AIM OF THE EXERCISE: Without including any pictures, copy every line below exactly.

(DATASET SECTION)

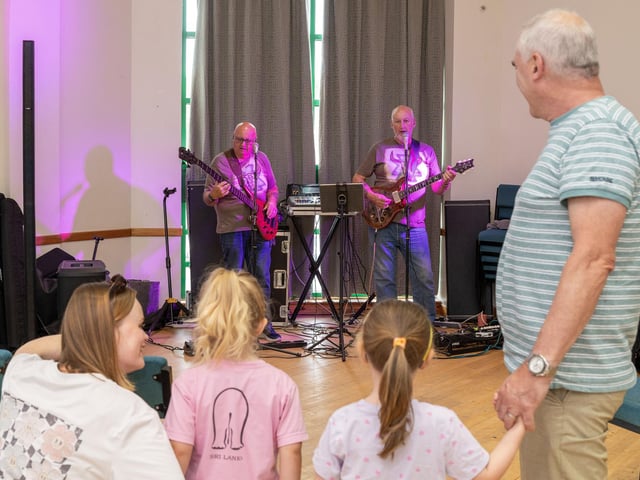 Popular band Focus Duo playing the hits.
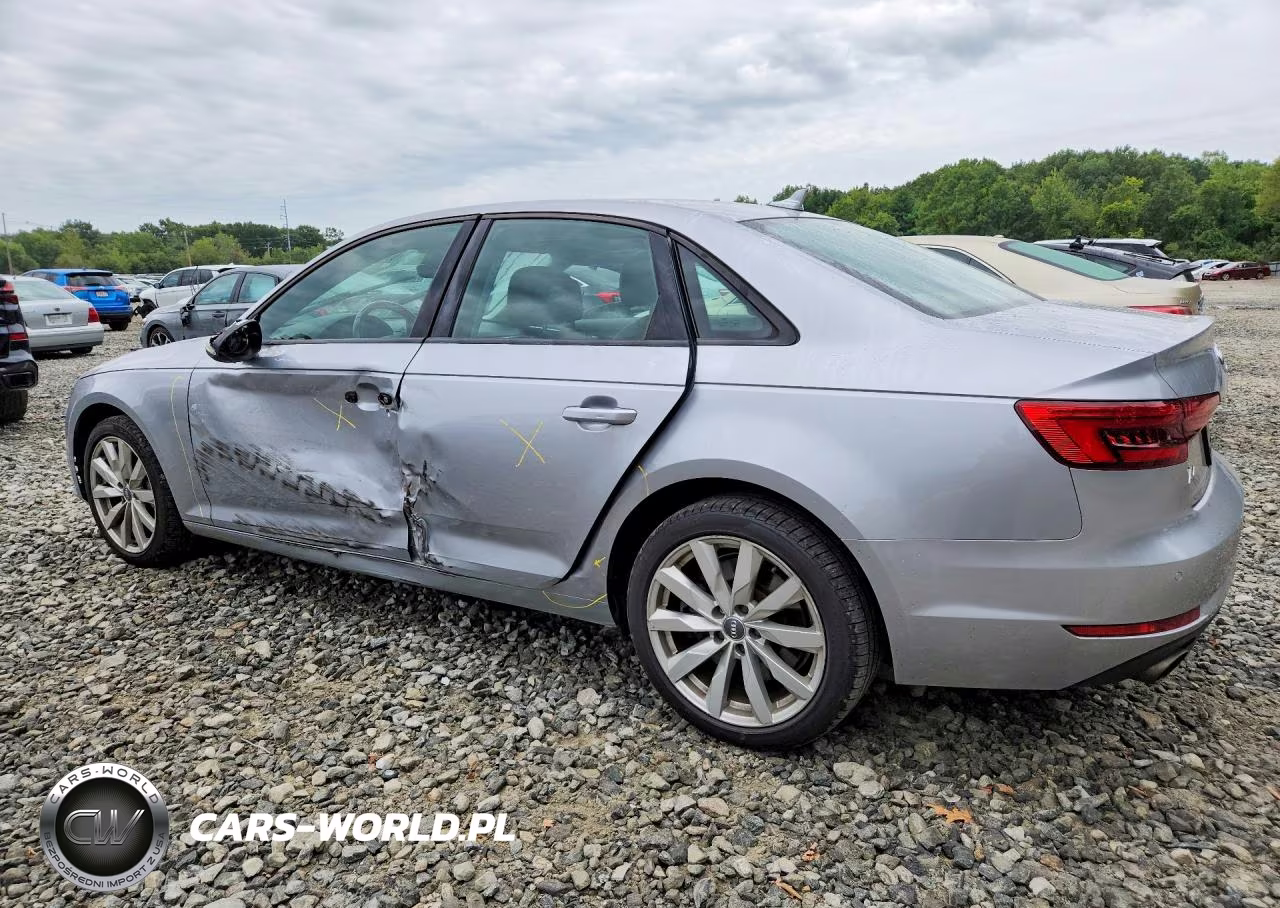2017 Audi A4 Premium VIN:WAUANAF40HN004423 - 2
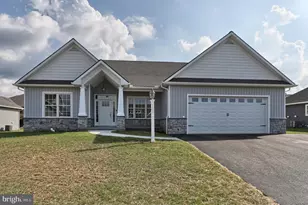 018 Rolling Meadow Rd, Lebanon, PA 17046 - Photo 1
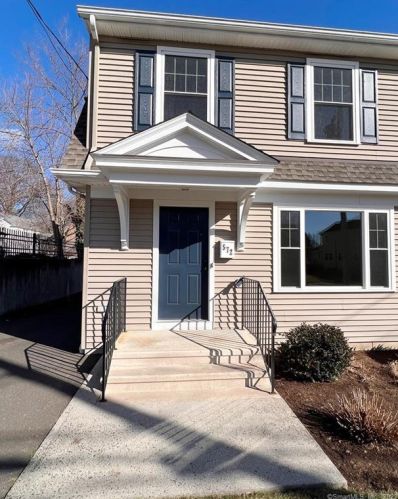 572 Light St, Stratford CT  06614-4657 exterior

(End DATASET SECTION)

WRITTEN ANSWER:
 Popular band Focus Duo playing the hits.
2017 Audi A4 Premium VIN:WAUANAF40HN004423 - 2
 018 Rolling Meadow Rd, Lebanon, PA 17046 - Photo 1
 572 Light St, Stratford CT  06614-4657 exterior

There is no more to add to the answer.